EN BREF – À l’occasion de la journée nationale de l’équité parentale, mercredi 16 mai, des rassemblements ont été organisés dans plusieurs villes de France pour réclamer une généralisation de la garde alternée des enfants de parents séparés. À Grenoble, c’est devant le palais de justice que des militants de l’association Père Enfant Mère s’étaient donné rendez-vous.
Malgré le soleil de midi, le public n’est pas venu nombreux au rassemblement convoqué par l’association Père Enfant Mère devant le palais de justice de Grenoble.

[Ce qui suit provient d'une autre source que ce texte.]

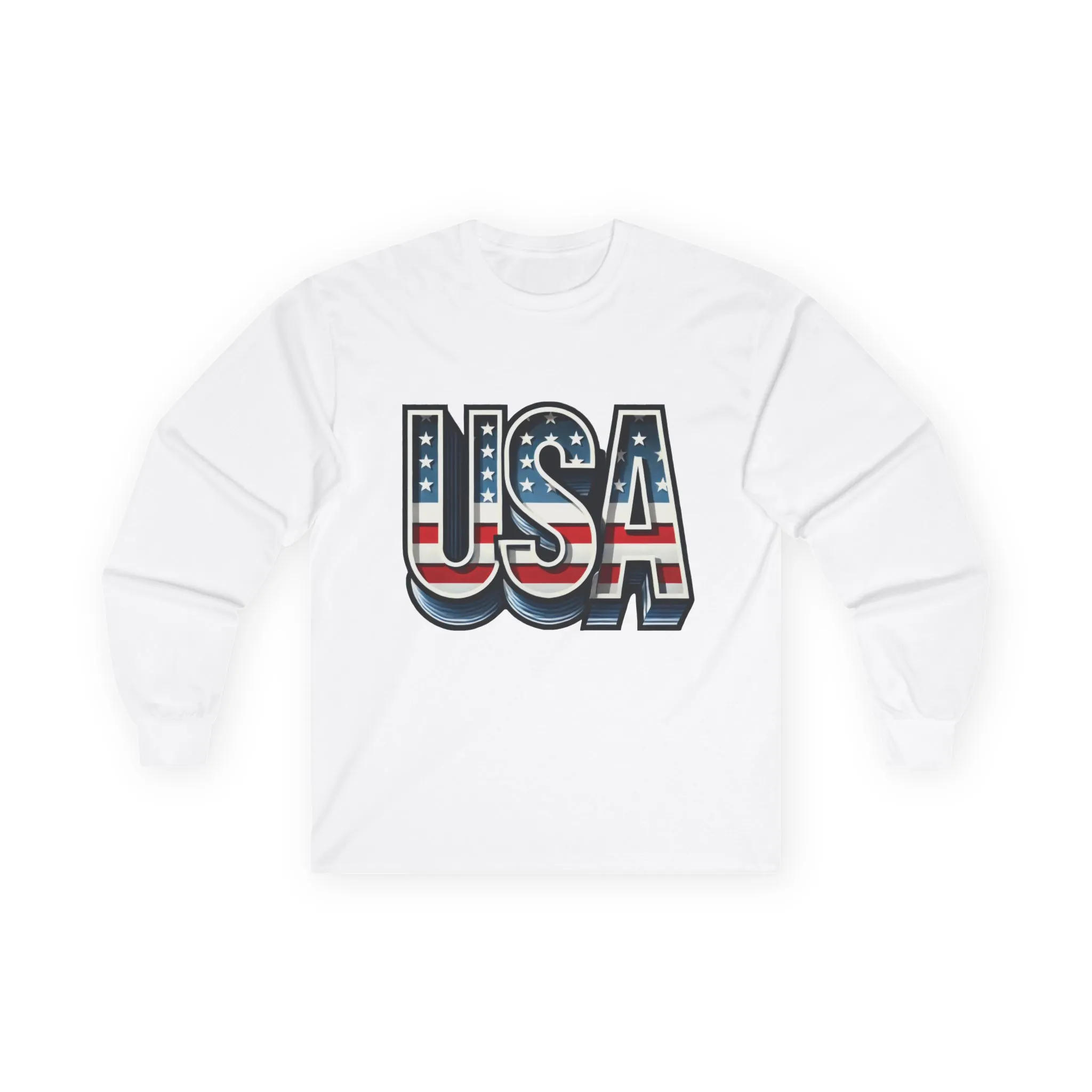 USA Graphic Long Sleeve Tee, Patriotic Shirt, Unisex Casual Wear, Independence Day Gift, Vintage Americana Apparel - Image 4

Seuls trois militants avec leur banderole ainsi que deux personnes ayant répondu à l’appel avait fait le déplacement.
Président de Père Enfant Mère, association de défense des droits des enfants et des parents depuis dix-huit ans, René Forney n’est pas surpris de cette faible affluence. « Les autres ont peur des représailles », explique-t-il. À l’en croire, beaucoup de parents rechignent à s’afficher avec son association par crainte de conséquences négatives sur les procès à venir.
Fondée en 1992, celle-ci est basée à Grenoble et compte une petite dizaine d’adhérents dans toute la France. Ce mercredi 16 mai, elle participait à une journée nationale en faveur d’une généralisation de la garde alternée des enfants de parents séparés. Entrée dans la loi en 2002, ce régime spécifique prévoit que l’enfant vive en alternance aux domiciles des deux parents, à durée équitable de préférence.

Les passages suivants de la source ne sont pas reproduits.